Young Hungarian piano virtuoso Peter Toth (b. 1983) makes his presence felt by exploring the late works of Franz Liszt (1811-1886), pieces that are neither bravura, nationalistic showpieces nor theatrical exercises in romantic gesture. These works might be construed as musically self-effacing. This is not to deny the truly ferocious pages in the 1871 BACH study, at times a combative toccata in boldly dark colors. Originally cast for the organ in 1855, the piano version remains astonishingly thick and feverishly chromatic. Always fascinated by the procedure of thematic transformation and variation, Liszt sought to extend the tonal envelope, to throw “the spear as far as possible into the endless realm of the future.”
The Variations on Bach’s Cantata No. 21 were composed in 1862; and after the relatively soft and diaphanous statement of the theme, the entire piece’s sonority could have been fashioned for Cesar Franck. Short, introspective riffs and motivic fragments dominate; there is little extension in the melodic tissue, perhaps the influence of late Beethoven. At seven minutes into the Cantata study, the intensity thunders forth, declamatory and sweeping in the manner of one of Liszt’s opera paraphrases. But the heroic impulse fizzles out, and we find ourselves in a labyrinth of tracery and distant bells again. When the passion erupts once more, it seems obsessive, over-wrought, rhetorical. More familiar is the seventh from the set of Poetic and Religious Harmonies, the Funerailles (1849), which celebrates the passing of Hungarian patriots and the spirit of Frederic Chopin. Toth’s grasp of this moody lament is thorough and majestic, in the best tradition of Horowitz and Bolet.

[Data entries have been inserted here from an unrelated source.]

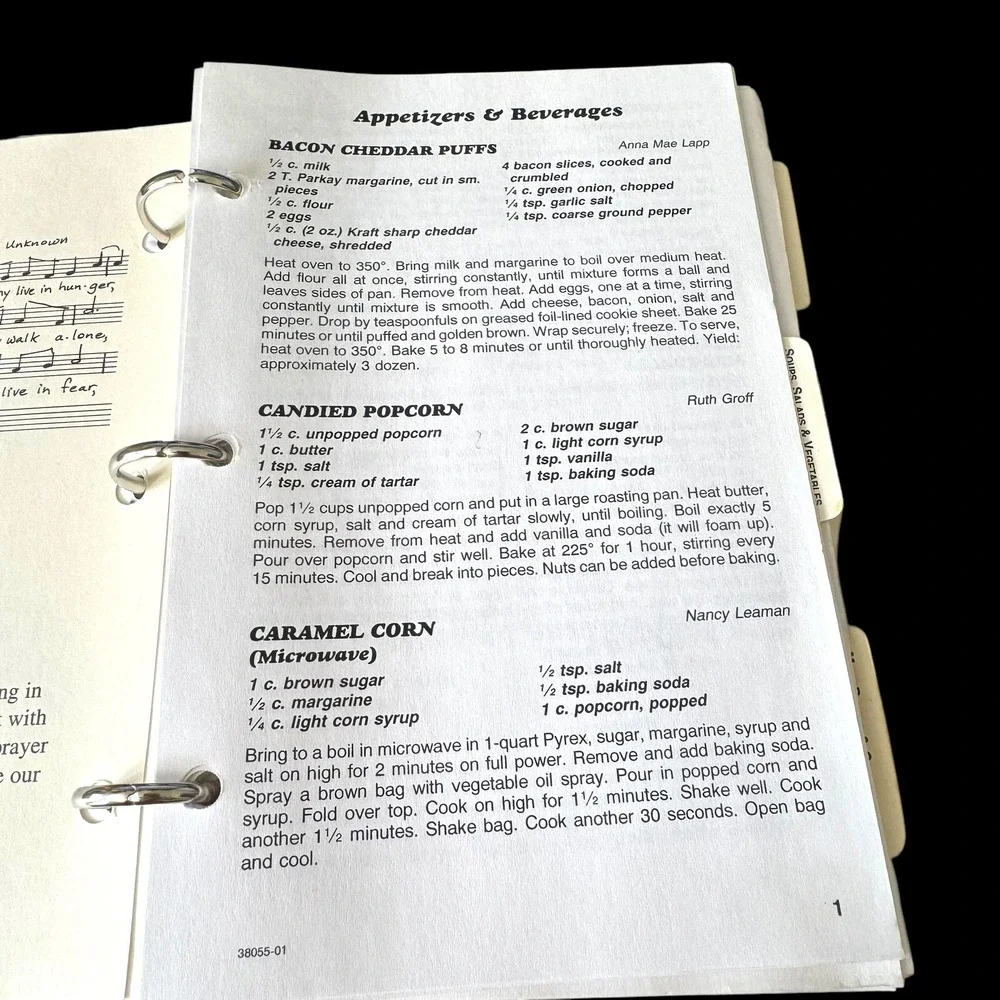 Mennonite Recipes Cookbook – Stumptown 2001 Community‎ Church Vintage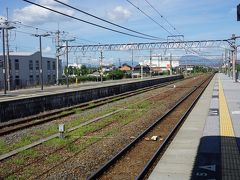 ●JR河瀬駅

この駅は新快速電車は止まりません。
早く南下するには、二つ隣のJR能登川駅で乗り換えが必要となって来ます。
最終の夏の18切符旅でした。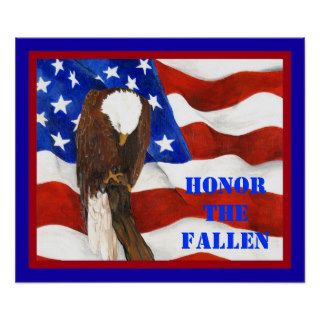 Bald eagle bowing head to honor the fallen soldier print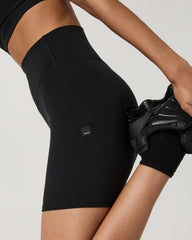 Vuori AllTheForm™ Short 6" | Black Tonal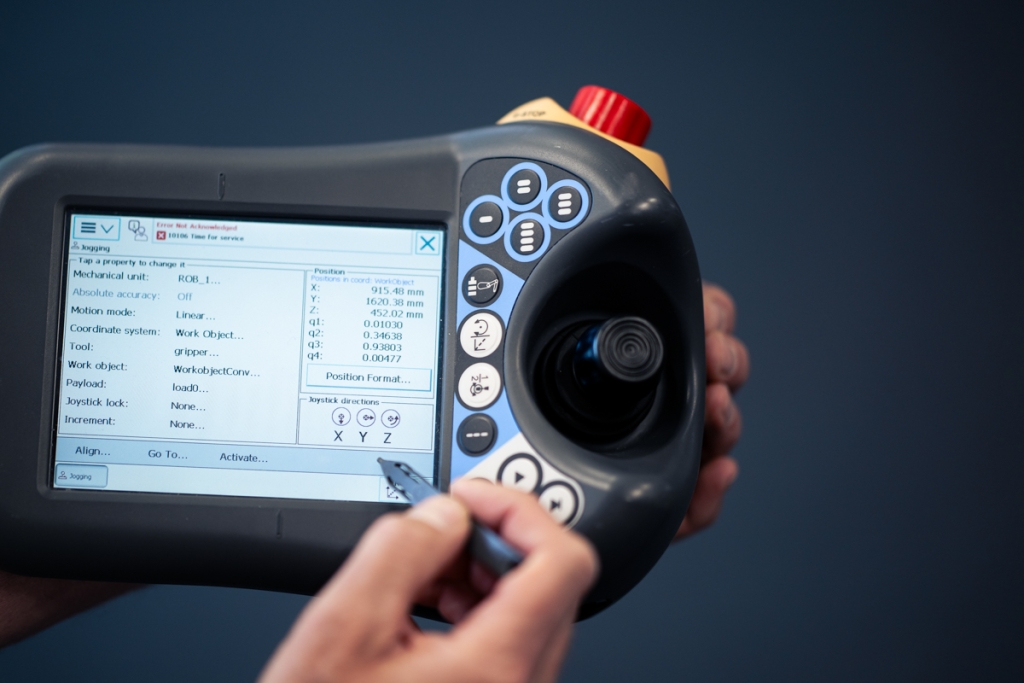 Medarbetare i industrin jobbar med digitalt verktyg.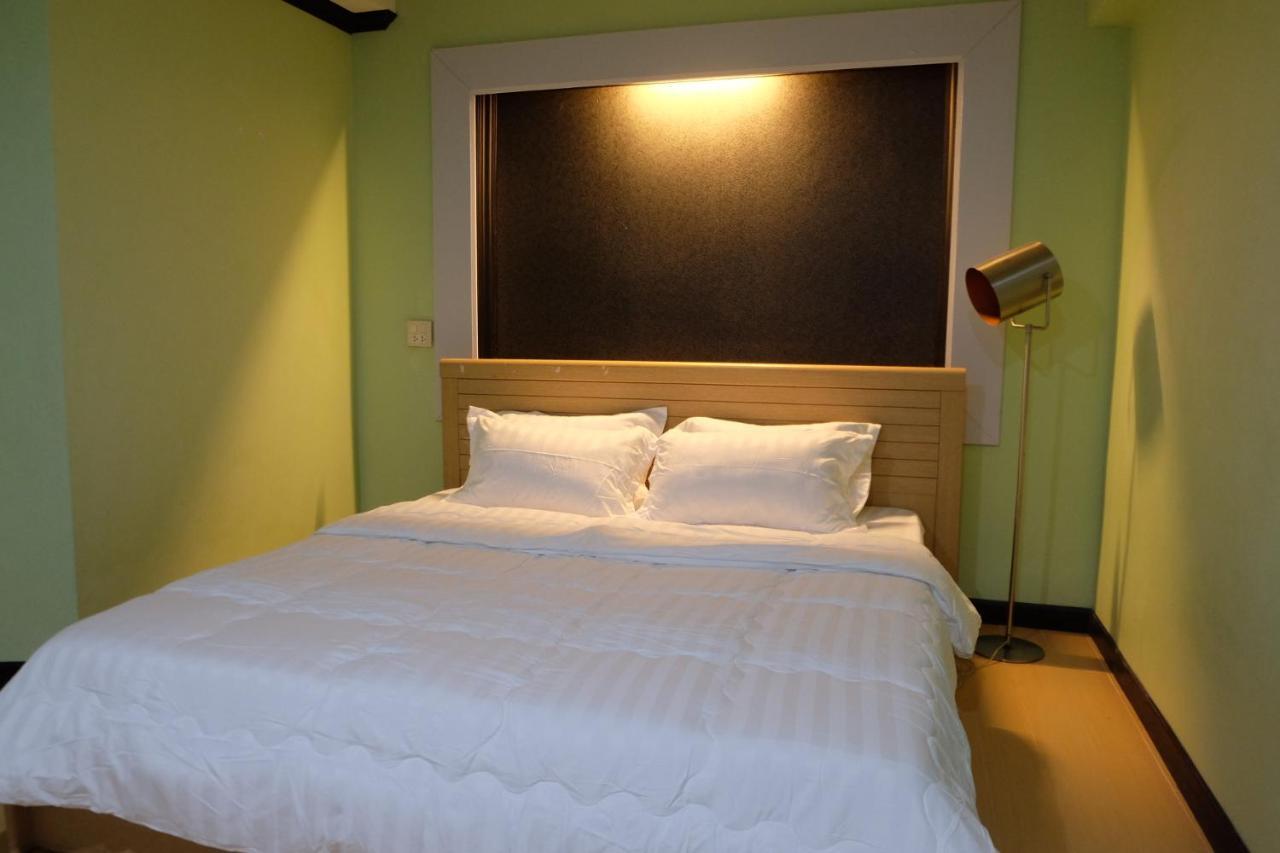 Florentino Hostel Районг Екстериор снимка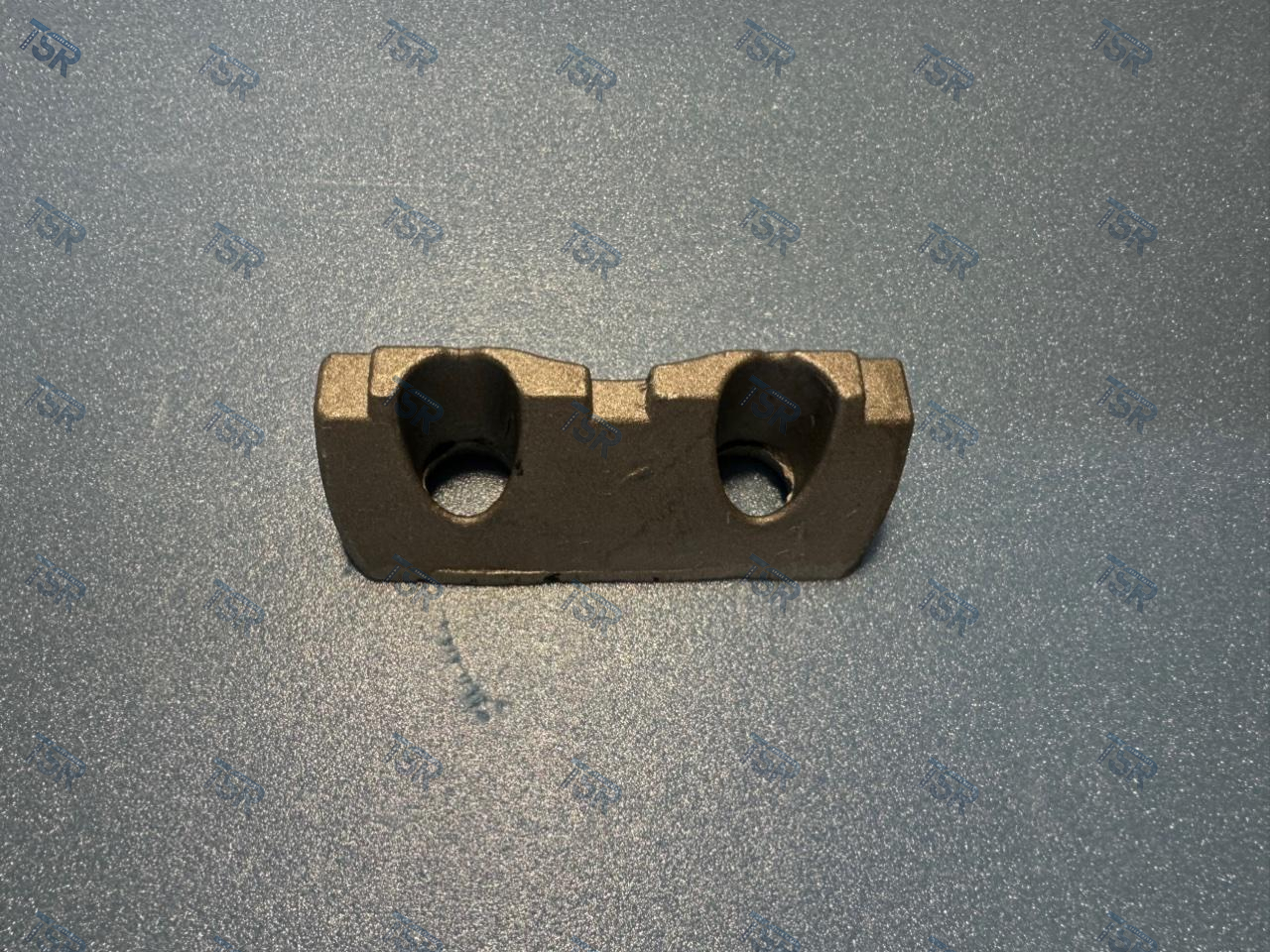 Кронштейн крыла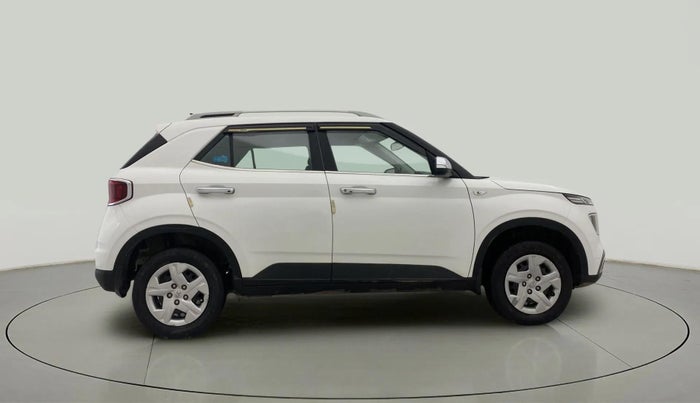 2020 Hyundai VENUE S 1.2, Petrol, Manual, 32,289 km, Right Side View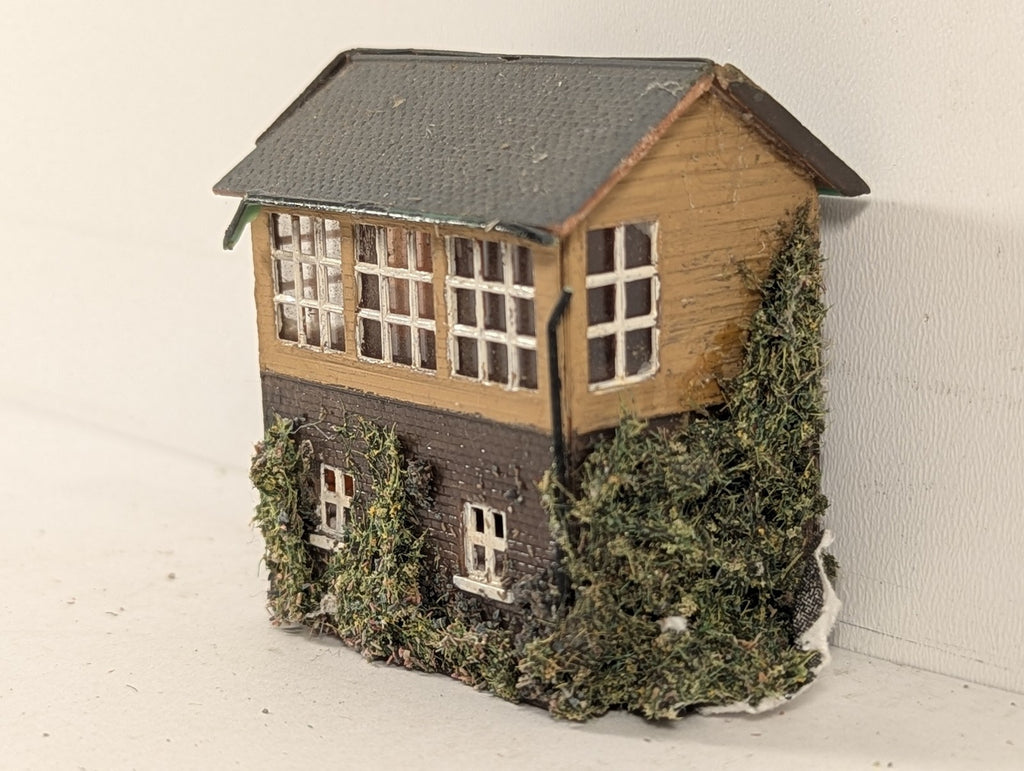 Hornby N Gauge Lyddle End Signal Box (Brick/Timber) Buildings & Structures N8008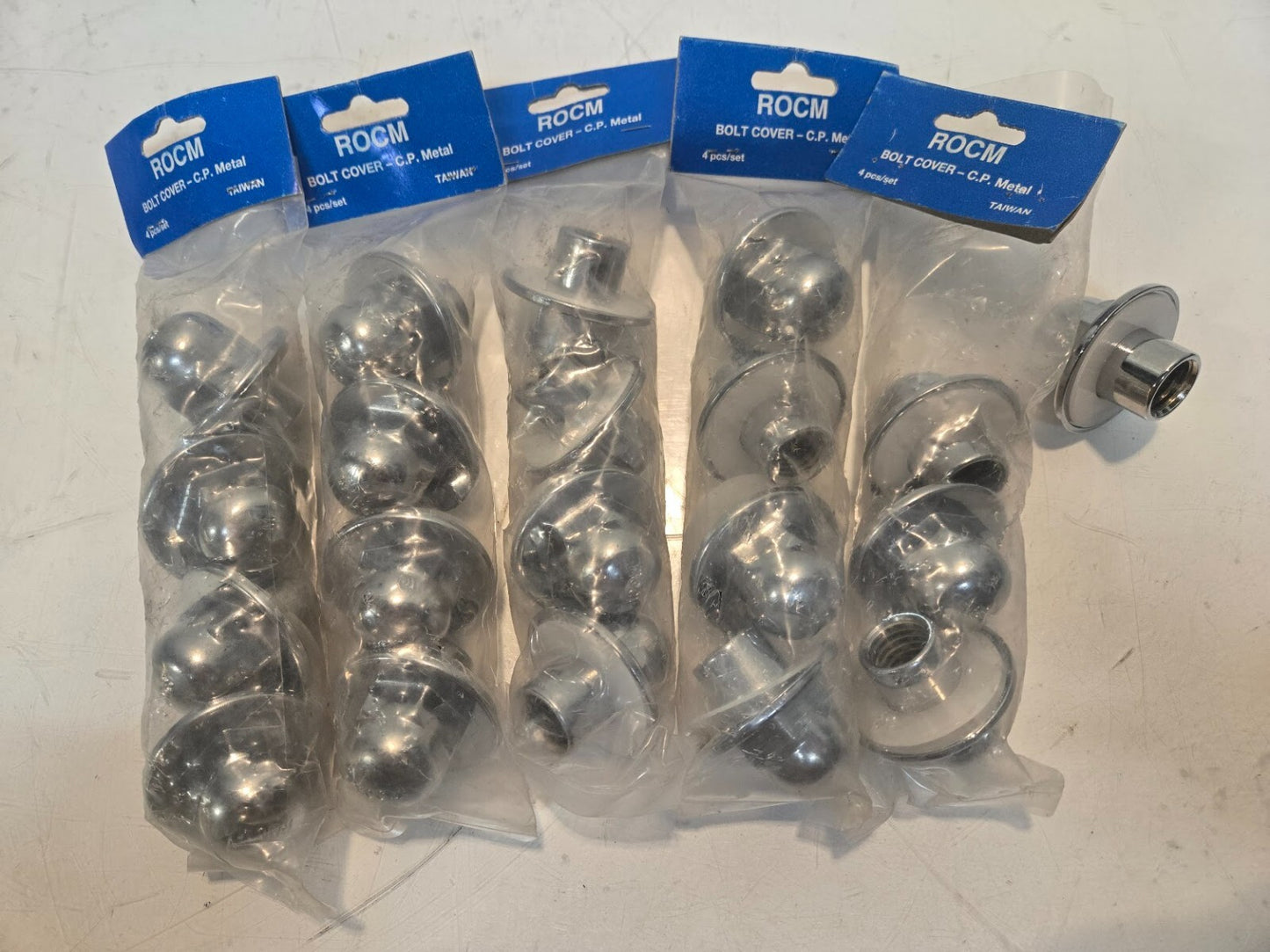 20 Quantity of Rocm Bolt Covers 25.3mm Hex 14.85mm Inner Diameter (20 Quantity)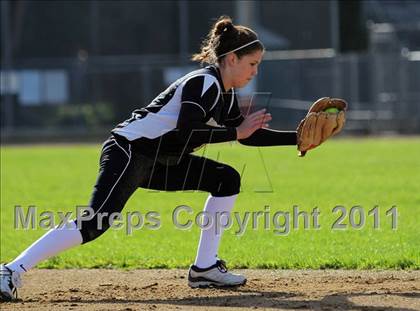 Thumbnail 3 in Archbishop Mitty @ Burlingame photogallery.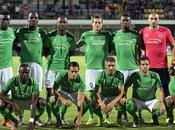 Ligue vola Saint-Etienne, Rennes salva allo scadere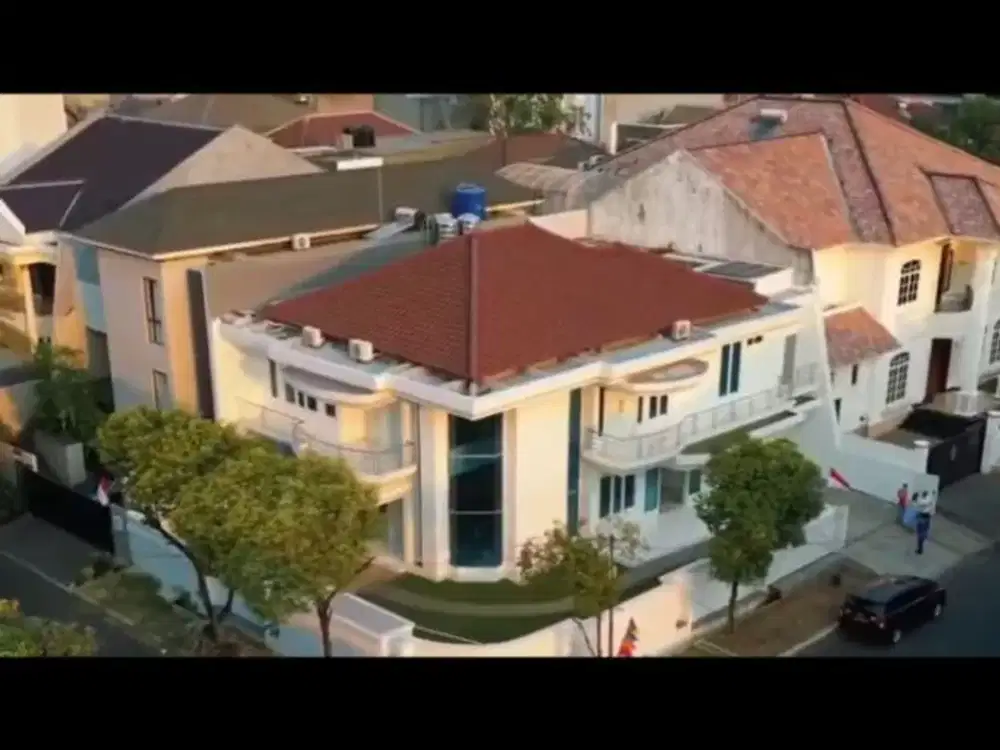 dijual rumah mewah di puri indah hook, LB 600 m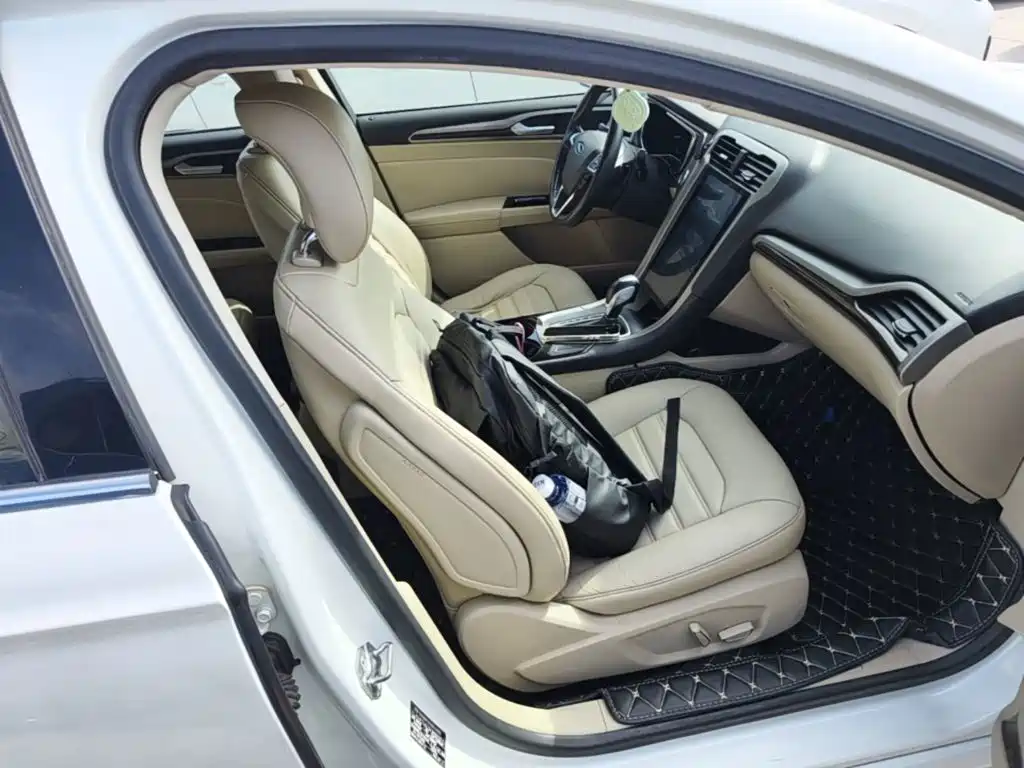 Ford Mondeo — миниатюра 25
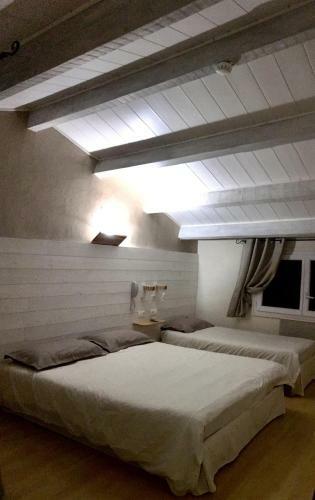 Hostal Auberge D'uzes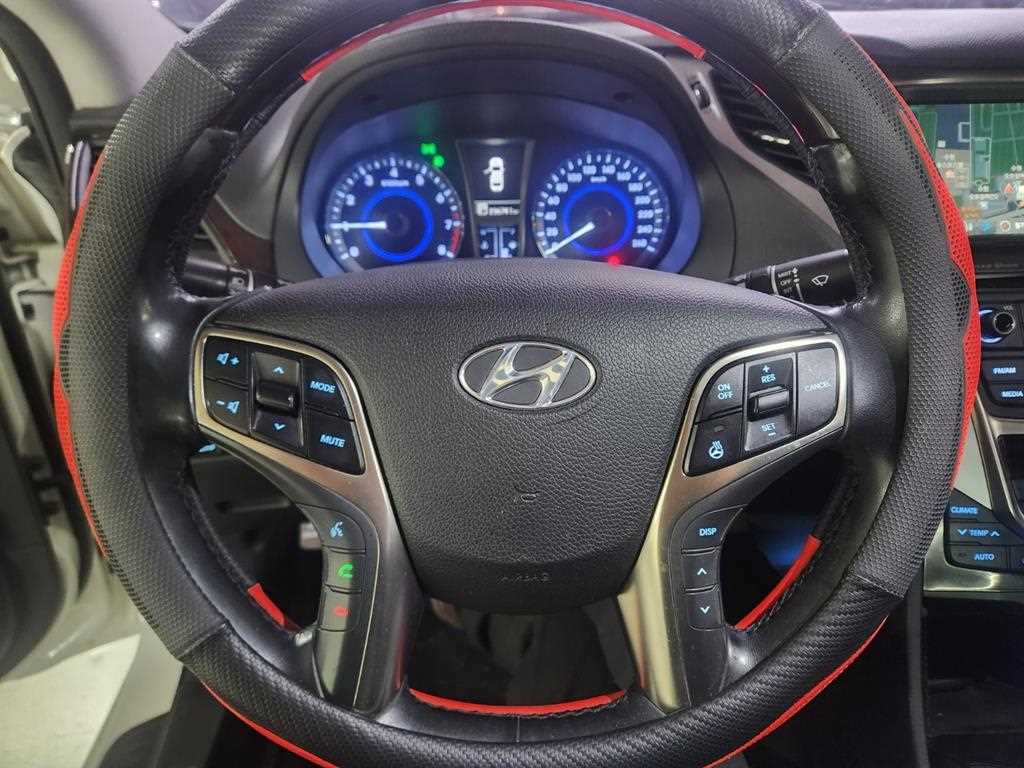 HYUNDAI Grandeur - Vista 11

The last three selections on Toth’s program are least grateful for ego-ridden virtuosos: each participates in what Liszt called “death poetics.” Willful, fragmentary, dissonant pieces like At Wagner’s Grave (1883) and Gray (or Colorless) Clouds (1881) appear to abandon all hope, all earthly ambition. Tone clusters, fourths and fifths, pass by in tender, if sterile, consolation. Hindsight allows us to appreciate these mysteries as forerunners of Schoenberg, Debussy, Webern, and Ligeti. Are the repeated notes at the end of the Wagner study teardrops? Unstern (1885) used to be the sole province of exploratory pianists like Gunnar Johansen and the young Alfred Brendel; they took their cue from Ferruccio Busoni. The tolling bells in Unstern dance around the Dies Irae in a painting by Egon Schiele. Its last chords, like those of Nuages Gris, stutter like a character in Ionesco or Beckett, powerless to answer the Sphinx’s riddle. Thought provoking and disturbing, this music regains its original, internalized fury from Toth, of whom we might quip that he is less a virtuoso pianist than a thoughtful musician.
[Alternately forceful and subtly-detailed piano sonics from this German label which mostly records pop acoustic guitarists…Ed.]